**PROBLEM:** Copy exactly the lines of the data below that run from the line holding "Certified 2022 Porsche" through the line holding "Soara and Monster’s House Chapter 02", both ends included.
________________
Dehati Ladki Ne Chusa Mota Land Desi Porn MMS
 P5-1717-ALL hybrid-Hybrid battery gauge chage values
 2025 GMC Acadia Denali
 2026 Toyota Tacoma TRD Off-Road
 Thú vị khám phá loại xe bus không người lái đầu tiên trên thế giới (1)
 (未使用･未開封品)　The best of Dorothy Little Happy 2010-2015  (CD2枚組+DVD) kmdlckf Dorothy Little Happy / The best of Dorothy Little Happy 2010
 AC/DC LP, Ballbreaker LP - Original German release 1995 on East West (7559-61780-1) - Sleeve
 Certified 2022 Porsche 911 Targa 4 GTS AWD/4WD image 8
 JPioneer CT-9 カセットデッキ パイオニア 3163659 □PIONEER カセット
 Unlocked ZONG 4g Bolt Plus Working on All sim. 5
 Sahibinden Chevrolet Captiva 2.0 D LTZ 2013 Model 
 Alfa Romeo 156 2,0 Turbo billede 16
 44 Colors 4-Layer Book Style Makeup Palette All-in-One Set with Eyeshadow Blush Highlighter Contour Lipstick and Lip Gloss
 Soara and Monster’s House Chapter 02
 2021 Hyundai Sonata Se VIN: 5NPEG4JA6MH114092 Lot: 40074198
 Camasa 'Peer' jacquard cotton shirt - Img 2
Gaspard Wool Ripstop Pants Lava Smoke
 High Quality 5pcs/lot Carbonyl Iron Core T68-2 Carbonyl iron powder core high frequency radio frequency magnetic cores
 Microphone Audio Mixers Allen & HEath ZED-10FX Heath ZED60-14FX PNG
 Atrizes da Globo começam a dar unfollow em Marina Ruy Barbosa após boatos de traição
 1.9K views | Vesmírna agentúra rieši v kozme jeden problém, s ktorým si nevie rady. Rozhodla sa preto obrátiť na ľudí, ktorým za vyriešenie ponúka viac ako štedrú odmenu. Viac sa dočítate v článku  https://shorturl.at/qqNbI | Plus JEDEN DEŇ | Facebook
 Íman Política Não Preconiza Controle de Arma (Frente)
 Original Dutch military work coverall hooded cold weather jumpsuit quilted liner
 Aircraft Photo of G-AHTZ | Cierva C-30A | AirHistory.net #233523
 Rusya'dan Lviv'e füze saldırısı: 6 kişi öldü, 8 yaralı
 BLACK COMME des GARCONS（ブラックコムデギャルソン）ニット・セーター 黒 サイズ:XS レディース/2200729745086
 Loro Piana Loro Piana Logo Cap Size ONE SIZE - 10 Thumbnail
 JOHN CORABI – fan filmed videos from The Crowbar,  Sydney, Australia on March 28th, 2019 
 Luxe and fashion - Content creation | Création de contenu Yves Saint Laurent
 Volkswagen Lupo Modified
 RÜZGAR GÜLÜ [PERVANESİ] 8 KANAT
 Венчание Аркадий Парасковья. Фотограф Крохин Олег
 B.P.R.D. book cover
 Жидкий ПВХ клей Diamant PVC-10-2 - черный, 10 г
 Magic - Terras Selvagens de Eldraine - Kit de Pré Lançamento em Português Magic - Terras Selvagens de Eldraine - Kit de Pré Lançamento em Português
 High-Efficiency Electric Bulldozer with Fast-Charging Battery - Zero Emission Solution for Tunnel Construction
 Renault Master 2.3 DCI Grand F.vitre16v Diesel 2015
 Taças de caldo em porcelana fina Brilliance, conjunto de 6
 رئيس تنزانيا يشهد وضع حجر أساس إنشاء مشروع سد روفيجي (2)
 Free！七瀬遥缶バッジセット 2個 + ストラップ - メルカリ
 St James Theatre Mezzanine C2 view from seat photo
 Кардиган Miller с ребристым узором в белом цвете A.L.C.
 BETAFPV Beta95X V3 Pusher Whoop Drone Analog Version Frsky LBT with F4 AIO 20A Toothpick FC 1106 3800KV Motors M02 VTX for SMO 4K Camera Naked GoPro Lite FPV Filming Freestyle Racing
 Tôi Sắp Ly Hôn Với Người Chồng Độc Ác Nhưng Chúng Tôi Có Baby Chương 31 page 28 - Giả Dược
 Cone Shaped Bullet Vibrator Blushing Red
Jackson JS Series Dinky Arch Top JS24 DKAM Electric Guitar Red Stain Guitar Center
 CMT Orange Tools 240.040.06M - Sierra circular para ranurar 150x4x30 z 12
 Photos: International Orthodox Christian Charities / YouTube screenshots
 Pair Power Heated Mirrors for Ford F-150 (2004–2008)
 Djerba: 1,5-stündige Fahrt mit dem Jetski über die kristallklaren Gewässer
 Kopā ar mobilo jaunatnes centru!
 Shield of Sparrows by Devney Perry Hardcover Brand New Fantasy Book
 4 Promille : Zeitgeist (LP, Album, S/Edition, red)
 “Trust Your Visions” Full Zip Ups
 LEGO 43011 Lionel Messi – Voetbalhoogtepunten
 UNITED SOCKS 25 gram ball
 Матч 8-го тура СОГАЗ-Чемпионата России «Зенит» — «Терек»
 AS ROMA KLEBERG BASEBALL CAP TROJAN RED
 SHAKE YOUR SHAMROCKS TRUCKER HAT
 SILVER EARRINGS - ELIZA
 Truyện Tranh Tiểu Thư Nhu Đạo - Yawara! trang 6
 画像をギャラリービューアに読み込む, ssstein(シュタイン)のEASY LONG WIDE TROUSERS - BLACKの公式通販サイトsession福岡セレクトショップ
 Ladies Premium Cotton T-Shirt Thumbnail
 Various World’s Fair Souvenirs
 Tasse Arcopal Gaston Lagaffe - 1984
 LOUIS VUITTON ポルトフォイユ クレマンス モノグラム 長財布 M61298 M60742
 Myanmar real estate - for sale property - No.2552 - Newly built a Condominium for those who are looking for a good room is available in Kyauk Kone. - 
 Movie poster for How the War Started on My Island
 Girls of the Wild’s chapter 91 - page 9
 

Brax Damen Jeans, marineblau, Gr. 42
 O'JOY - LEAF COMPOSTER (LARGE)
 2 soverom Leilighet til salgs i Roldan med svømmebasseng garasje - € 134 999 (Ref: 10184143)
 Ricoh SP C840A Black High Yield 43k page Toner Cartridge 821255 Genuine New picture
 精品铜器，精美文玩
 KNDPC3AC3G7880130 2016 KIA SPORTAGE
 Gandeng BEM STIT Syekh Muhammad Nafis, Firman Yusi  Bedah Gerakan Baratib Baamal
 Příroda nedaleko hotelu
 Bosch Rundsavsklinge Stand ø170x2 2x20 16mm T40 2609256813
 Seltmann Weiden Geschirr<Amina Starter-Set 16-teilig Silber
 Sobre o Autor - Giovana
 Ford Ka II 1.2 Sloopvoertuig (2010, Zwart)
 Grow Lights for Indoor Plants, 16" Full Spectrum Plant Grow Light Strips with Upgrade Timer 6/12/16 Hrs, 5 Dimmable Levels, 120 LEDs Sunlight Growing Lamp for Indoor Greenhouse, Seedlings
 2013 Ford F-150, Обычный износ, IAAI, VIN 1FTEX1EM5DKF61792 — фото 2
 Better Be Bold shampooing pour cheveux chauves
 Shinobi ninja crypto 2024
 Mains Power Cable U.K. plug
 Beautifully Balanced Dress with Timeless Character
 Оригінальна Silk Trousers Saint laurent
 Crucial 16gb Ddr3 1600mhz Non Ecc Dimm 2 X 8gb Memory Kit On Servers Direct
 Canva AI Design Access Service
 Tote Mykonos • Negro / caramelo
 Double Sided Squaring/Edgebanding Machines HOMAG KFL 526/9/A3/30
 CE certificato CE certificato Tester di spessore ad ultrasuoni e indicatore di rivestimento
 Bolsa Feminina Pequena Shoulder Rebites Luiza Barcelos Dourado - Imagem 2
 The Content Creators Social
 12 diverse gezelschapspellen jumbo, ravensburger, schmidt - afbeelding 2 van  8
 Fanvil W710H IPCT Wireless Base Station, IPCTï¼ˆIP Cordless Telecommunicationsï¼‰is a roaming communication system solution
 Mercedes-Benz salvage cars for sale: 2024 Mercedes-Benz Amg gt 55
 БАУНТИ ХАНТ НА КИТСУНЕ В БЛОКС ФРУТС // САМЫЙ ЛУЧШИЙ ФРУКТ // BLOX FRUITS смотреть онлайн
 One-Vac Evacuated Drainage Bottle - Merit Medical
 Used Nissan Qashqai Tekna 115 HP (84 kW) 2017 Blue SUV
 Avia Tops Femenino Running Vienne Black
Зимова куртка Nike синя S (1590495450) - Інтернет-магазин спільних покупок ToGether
________________
**SOLUTION TO THIS EXERCISE:**
 Certified 2022 Porsche 911 Targa 4 GTS AWD/4WD image 8
 JPioneer CT-9 カセットデッキ パイオニア 3163659 □PIONEER カセット
 Unlocked ZONG 4g Bolt Plus Working on All sim. 5
 Sahibinden Chevrolet Captiva 2.0 D LTZ 2013 Model 
 Alfa Romeo 156 2,0 Turbo billede 16
 44 Colors 4-Layer Book Style Makeup Palette All-in-One Set with Eyeshadow Blush Highlighter Contour Lipstick and Lip Gloss
 Soara and Monster’s House Chapter 02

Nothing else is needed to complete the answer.